## WHAT NEEDS TO BE DONE
Quote only the span from the first line of the entries to the line containing "ride Present Past", both ends kept. Leave every picture out.
*** TASK INPUT Section Begins ***
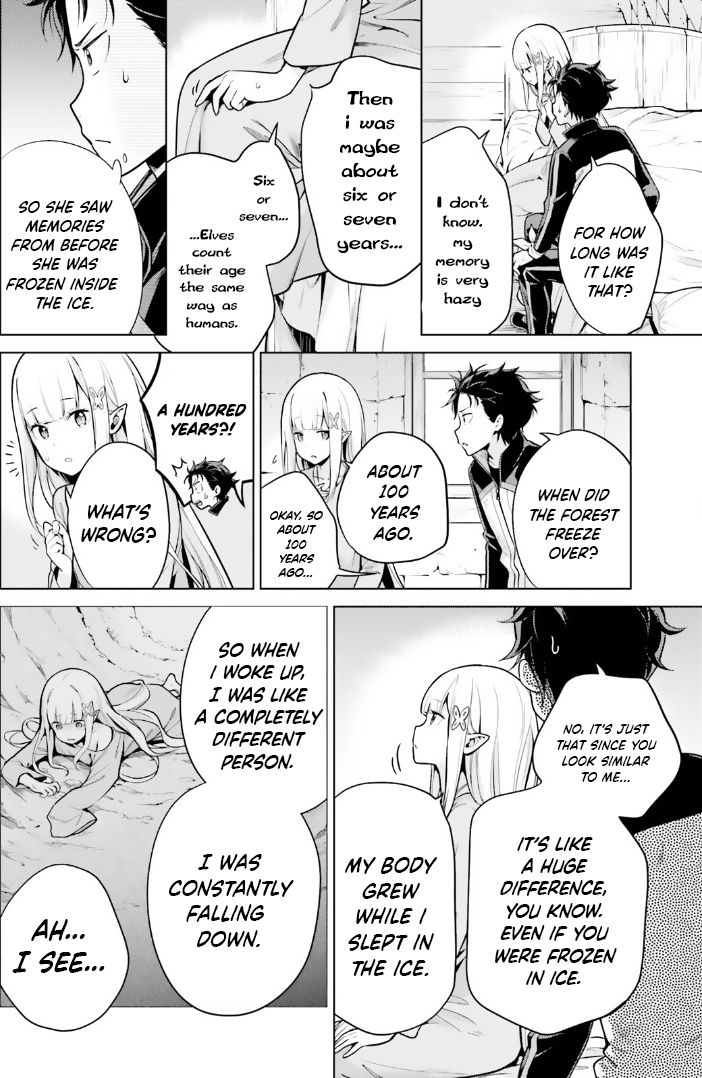 Halaman dari Re:Zero kara Hajimeru Isekai Seikatsu: Dai 4-shou—Seiiki to Gouyoku no Majo Chapter 42.5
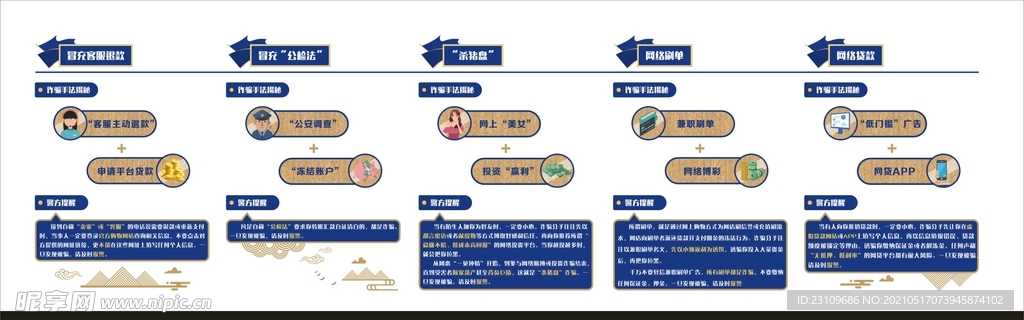 反诈骗宣传文化墙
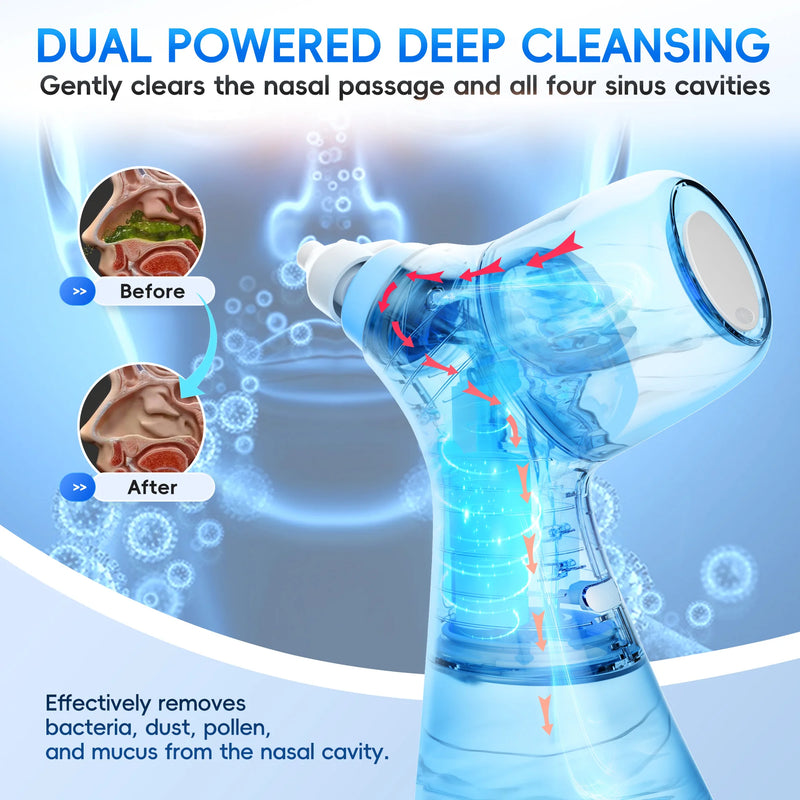 Danoz HealthSmart – Breathe Easy & Feel Amazing! USB Rechargeable Nasal Rinse Irrigation System + 30 Salt Packets for Sinus Relief, Comfort & Clear Airways Every Day 🌬️✨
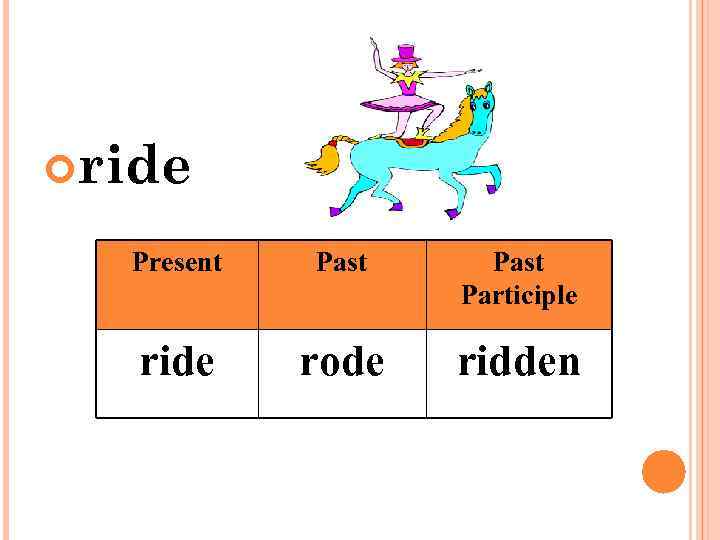 ride Present Past Participle ride rode ridden 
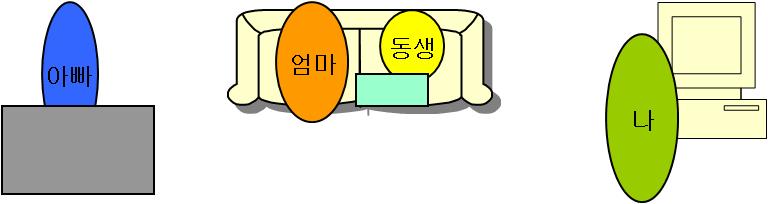 서울사이버대학교사회복지학과사회복지실천론 10 주차교안 ( 담당교수: 이희연) 12 3) 가족조각 (family sculpting) (1)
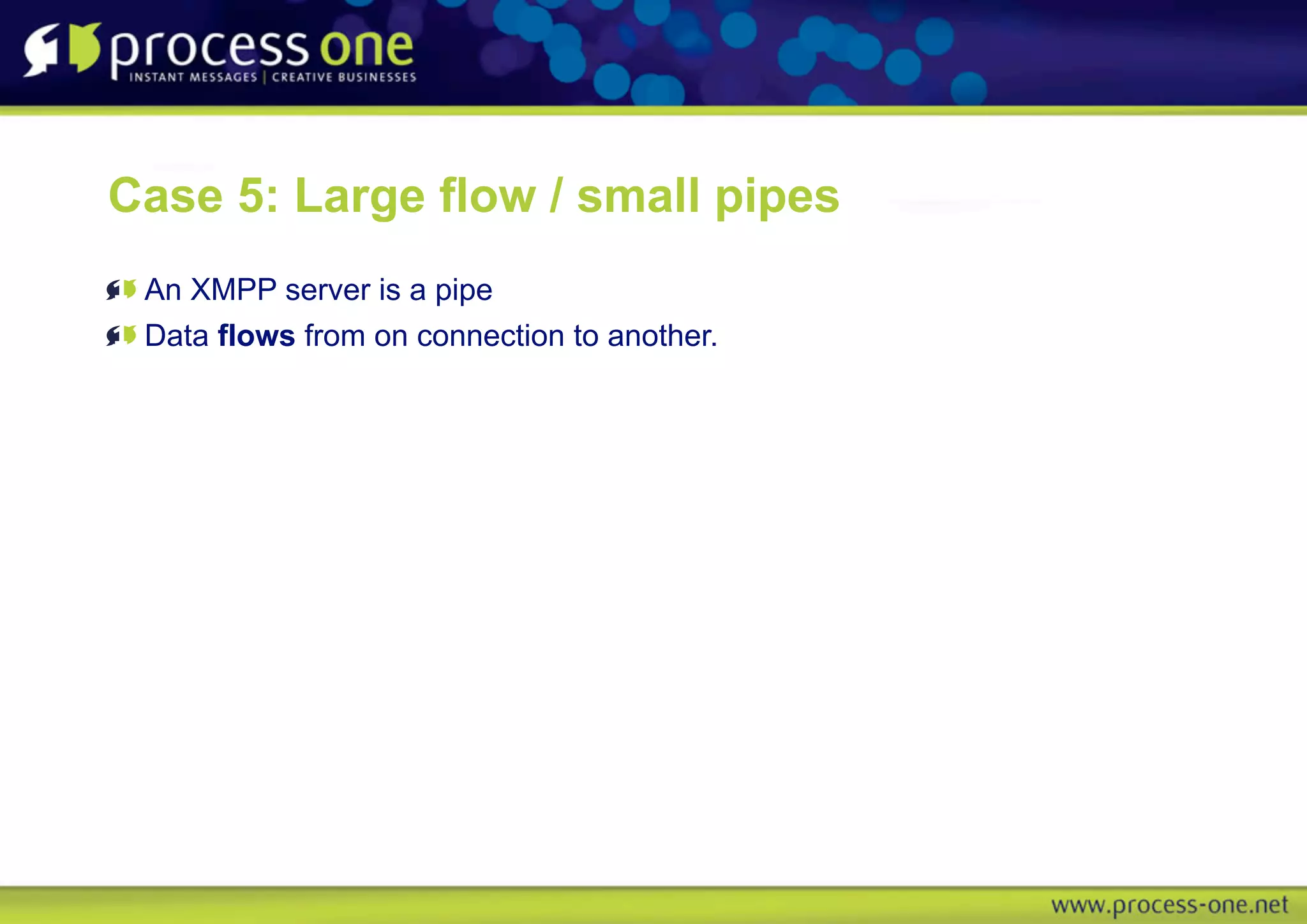 Real life XMPP Instant Messaging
*** TASK INPUT Section Ends ***
## WRITTEN SOLUTION
 Halaman dari Re:Zero kara Hajimeru Isekai Seikatsu: Dai 4-shou—Seiiki to Gouyoku no Majo Chapter 42.5
 反诈骗宣传文化墙
 Danoz HealthSmart – Breathe Easy & Feel Amazing! USB Rechargeable Nasal Rinse Irrigation System + 30 Salt Packets for Sinus Relief, Comfort & Clear Airways Every Day 🌬️✨
 ride Present Past Participle ride rode ridden 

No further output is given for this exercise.